Design a max stack that supports push, pop, top, peekMax and popMax.

1. push(x) -- Push element x onto stack.
2. pop() -- Remove the element on top of the stack and return it.
3. top() -- Get the element on the top.
4. peekMax() -- Retrieve the maximum element in the stack.
5. popMax() -- Retrieve the maximum element in the stack, and remove it.
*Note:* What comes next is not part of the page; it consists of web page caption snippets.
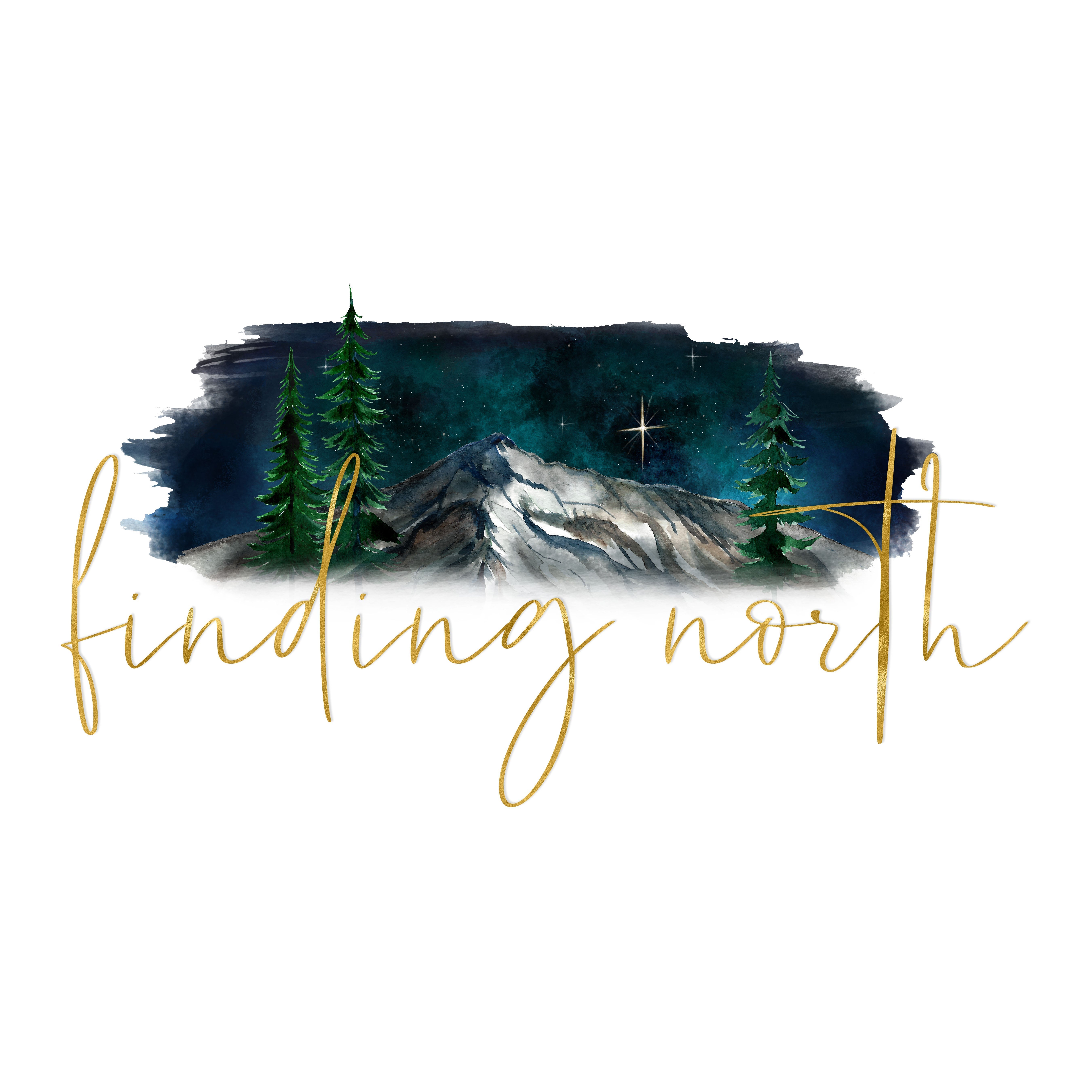 findingnortheducation.com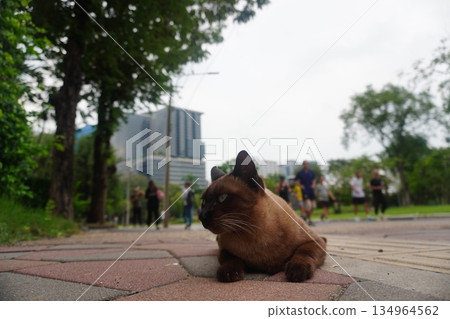 A cat staring at you A cat staring at you 134964562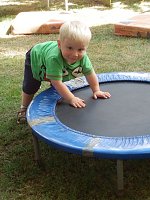 Bild: Sommerfest im Musikgarten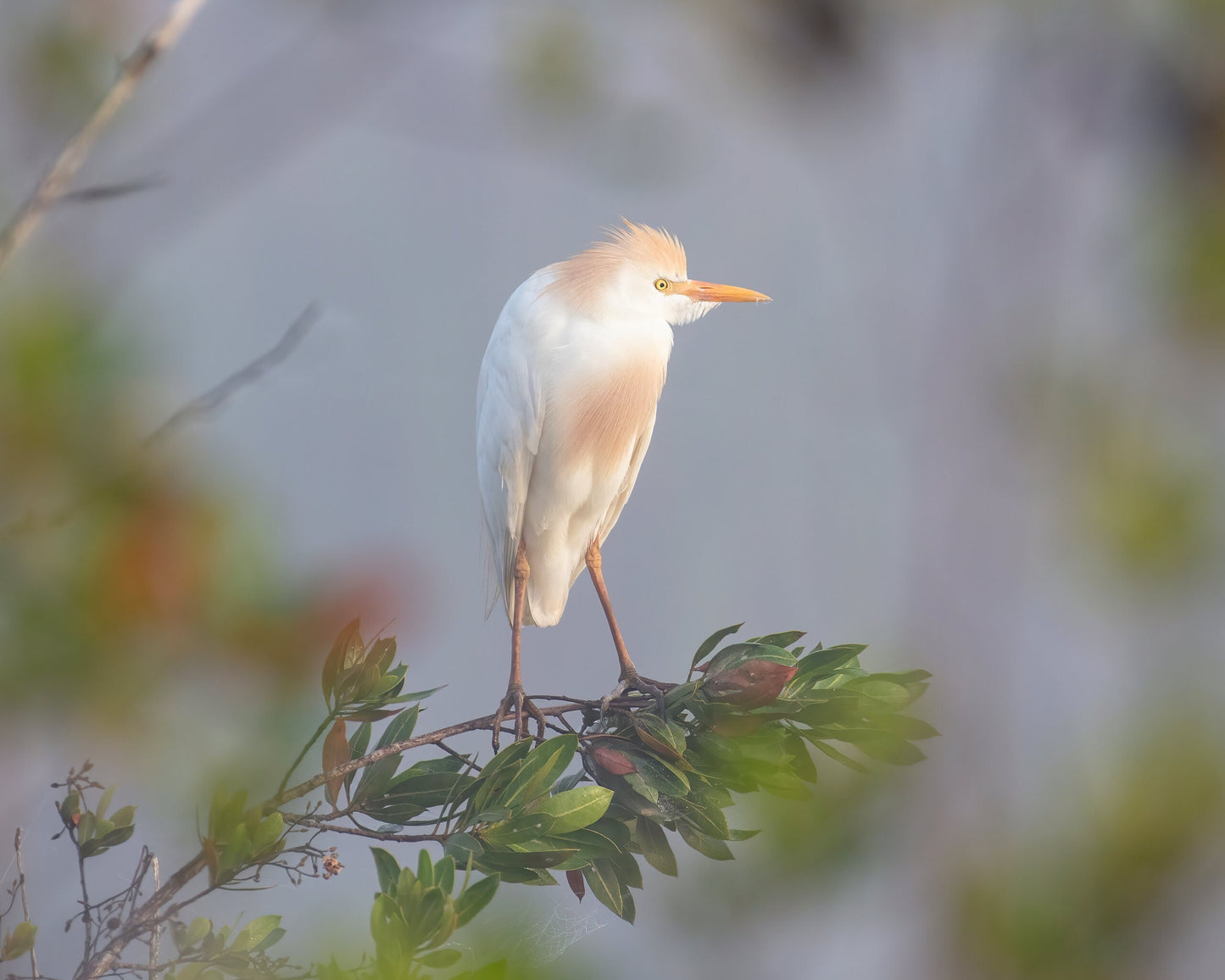 Cattle Egret print, Florida Everglades art, white egret photo, bird wall art, wildlife decor, large canvas, nature lover gift, 5x7 to 24x36"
If you find more than one maximum elements, only remove the top-most one.

Example 1:

MaxStack stack = new MaxStack();
stack.push(5); 
stack.push(1);
stack.push(5);
stack.top(); ->5
stack.popMax(); ->5
stack.top(); ->1
stack.peekMax(); ->5
stack.pop(); ->1
stack.top(); ->5

Note:

1. -1e7 <= x <= 1e7
2. Number of operations won't exceed 10000.
3. The last four operations won't be called when stack is empty.

Thoughts:

use a auxiliary map to record the index entry, and map can sort the order internally

Code Write O(logn), read O(1):

class MaxStack {
public:
    /** initialize your data structure here. */
    list<int> l;
    map<int, vector<list<int>::iterator>> mp;

    MaxStack() {
    }

    void push(int x) {
        l.insert(l.begin(),x);
        mp[x].push_back(l.begin());
    }

    int pop() {
        // delete iterator in the map
        int key = *l.begin();
        mp[key].pop_back();
        if(mp[key].empty()) mp.erase(key);
        l.erase(l.begin());
        return key;
    }

    int top() {
        return *l.begin();
    }

    int peekMax() {
        return mp.rbegin()->first;
    }

    int popMax() {
        int key = mp.rbegin()->first;
        // get the iterator
        auto it = mp[key].back();
        mp[key].pop_back();
        if(mp[key].empty()) mp.erase(key);
        l.erase(it);
        return key;
    }
};

solution from imrusty's post